Review videos in Vietnam: A case of copyright infringement?

Review videos on social media are the rage nowadays in Vietnam.

Review videos are movie reviews on video shown via different social media channels such as Facebook and YouTube. They feature scenes from the movie as the reviewer talks about the storyline.

A typical movie review it would seem; however, this one tells viewers the entire story including the film’s much-awaited parts and surprise elements. As reported in an article in VnExpress International, this may result in lost revenues for the film’s creators. Viewers of these videos may feel that the review has already “let them in” on the movie and decide not to go to the cinema and shell out money for the actual film screening.

Plus, certain footages may have been shown in the review video without obtaining permission from the filmmakers.

According to Yen Vu, executive and country manager of Rouse in Ho Chi Minh City, such acts constitute unauthorized reproduction, use and communication to the public of a cinematographic work in accordance with Article 28.6, Article 28.8 and 28.10 of Vietnam’s Intellectual Property Law. Cutting out movie shots, adding commentaries which reveal or mislead viewers about movie plots are also likely to violate moral rights of the authors in accordance with Article 28.5. 

“These acts are not qualified for any defense since they do not fall into any category of fair use under Article 25,” said Vu.

“The current IP Law provides that ‘reasonable recitation of published works without misrepresenting the authors' views for commentary or illustration purpose’ is a case in which permission and payment of royalties or remunerations are not required in accordance with Article 25.1.c of the IP Law,” said My Doan, senior associate at Hogan Lovells in Ho Chi Minh City. “However, ‘reasonable recitation must satisfy the following conditions: the recited parts aim merely to introduce, comment or clarify matters touched upon in his/her work and  the recited parts are not prejudicial to the copyright to the works used for recitation and suitable to the nature and characteristics of the type of work used for recitation according to Article 23 of Decree 22/2018/ND-CP.”

The movie review videos may not meet these conditions as their recap of film plots and highlights exceed the aim of introduction, comment and clarification. They also have a negative effect on the normal exploitation of the original movies, said Doan.

According to the article, more than 80 websites have been found to violate Vietnam’s copyright law. Among them are Phimmoi, HDonline and Phimbathu.

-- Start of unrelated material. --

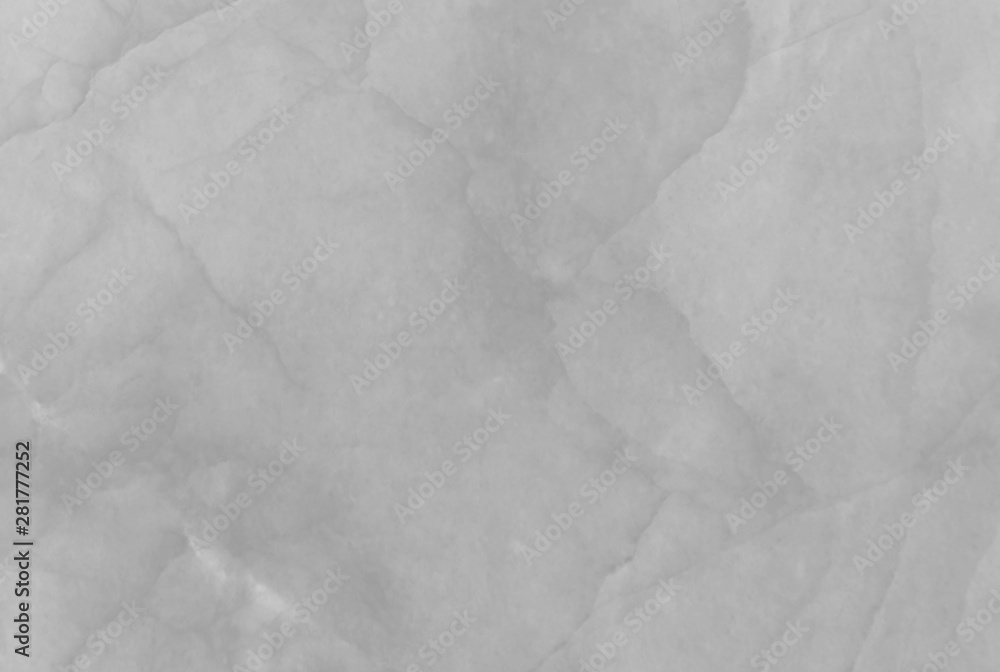 marble marble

“In terms of policy, a clear distinction between slavish recapping content and creative analytical content should be drawn in regulating and applying fair use defense for movie reviews,” said Vu. “The second type has been increasingly seen in Vietnam, too.  Such reviews tend to contain scenes cut out from movies, but the excerpts are usually used for objective illustration, comparison, interpretation and evaluation of movies.  Compared to the first type of movie review, they are not simply a ‘summarized version’ of the movie itself. More importantly, the amount of excerpts appear to be reasonable.  This second type of review may enjoy the ‘reasonable quotation’ defense under Vietnam’s IP Law.”

However, Vu said that “reasonable quotation” needs to be clarified as there is no quantitative requirement to it.  Thus, it is too broad to interpret and apply in practice.

“In our view, the government is doing well in drawing the line between copyright protection and the exercise of movie/TV/content reviewing in Vietnam. In particular, regulations on ‘reasonable recitation’ are relatively clear and balanced between the right holders and the audience, including the movie reviewers,” said Doan. “That said, ‘reasonable recitation’ is obviously permitted but remedies are clearly provided for illegal review videos which do not satisfy prescribed conditions to be considered ‘reasonable recitation.’”

According to Vu, filmmakers whose copyright works have been infringed have two practical enforcement options:

  • Notice and takedown mechanism. An account repeatedly uploading Infringing videos may be permanently terminated.
  • Site-blocking, administrative sanctions and other administrative measures. 

“Although website blocking has only been implemented recently, it has produced positive results,” said Vu, “thanks to the active cooperation of the network providers.”